**TASK PROMPT**
Nothing but the lines from the one with "A cardboard box" through the end of the records below should be written out, and each must match word for word.

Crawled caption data

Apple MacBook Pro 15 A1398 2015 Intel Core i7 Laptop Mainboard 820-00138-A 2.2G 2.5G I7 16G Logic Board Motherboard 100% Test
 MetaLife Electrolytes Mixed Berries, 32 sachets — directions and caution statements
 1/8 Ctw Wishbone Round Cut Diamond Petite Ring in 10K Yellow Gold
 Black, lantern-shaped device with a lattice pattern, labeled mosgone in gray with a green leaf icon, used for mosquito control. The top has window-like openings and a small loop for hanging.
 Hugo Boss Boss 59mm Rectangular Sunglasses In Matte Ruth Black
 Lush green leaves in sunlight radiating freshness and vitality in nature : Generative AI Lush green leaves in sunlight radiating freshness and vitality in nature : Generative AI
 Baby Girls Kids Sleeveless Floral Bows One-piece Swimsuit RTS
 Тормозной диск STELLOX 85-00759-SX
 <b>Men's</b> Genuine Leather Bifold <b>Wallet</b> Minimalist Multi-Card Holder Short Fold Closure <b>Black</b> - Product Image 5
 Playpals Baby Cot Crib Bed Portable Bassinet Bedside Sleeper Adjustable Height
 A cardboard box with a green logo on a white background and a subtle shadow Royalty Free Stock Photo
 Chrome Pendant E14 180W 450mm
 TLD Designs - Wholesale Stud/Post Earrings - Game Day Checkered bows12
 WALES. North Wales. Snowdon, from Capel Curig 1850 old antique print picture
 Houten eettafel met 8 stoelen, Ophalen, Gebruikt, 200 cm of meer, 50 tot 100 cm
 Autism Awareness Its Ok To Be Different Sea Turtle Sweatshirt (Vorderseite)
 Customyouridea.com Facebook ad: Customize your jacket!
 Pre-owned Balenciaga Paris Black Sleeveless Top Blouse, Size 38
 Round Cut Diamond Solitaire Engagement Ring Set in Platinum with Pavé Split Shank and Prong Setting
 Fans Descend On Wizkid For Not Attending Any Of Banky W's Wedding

**ANSWER**
 A cardboard box with a green logo on a white background and a subtle shadow Royalty Free Stock Photo
 Chrome Pendant E14 180W 450mm
 TLD Designs - Wholesale Stud/Post Earrings - Game Day Checkered bows12
 WALES. North Wales. Snowdon, from Capel Curig 1850 old antique print picture
 Houten eettafel met 8 stoelen, Ophalen, Gebruikt, 200 cm of meer, 50 tot 100 cm
 Autism Awareness Its Ok To Be Different Sea Turtle Sweatshirt (Vorderseite)
 Customyouridea.com Facebook ad: Customize your jacket!
 Pre-owned Balenciaga Paris Black Sleeveless Top Blouse, Size 38
 Round Cut Diamond Solitaire Engagement Ring Set in Platinum with Pavé Split Shank and Prong Setting
 Fans Descend On Wizkid For Not Attending Any Of Banky W's Wedding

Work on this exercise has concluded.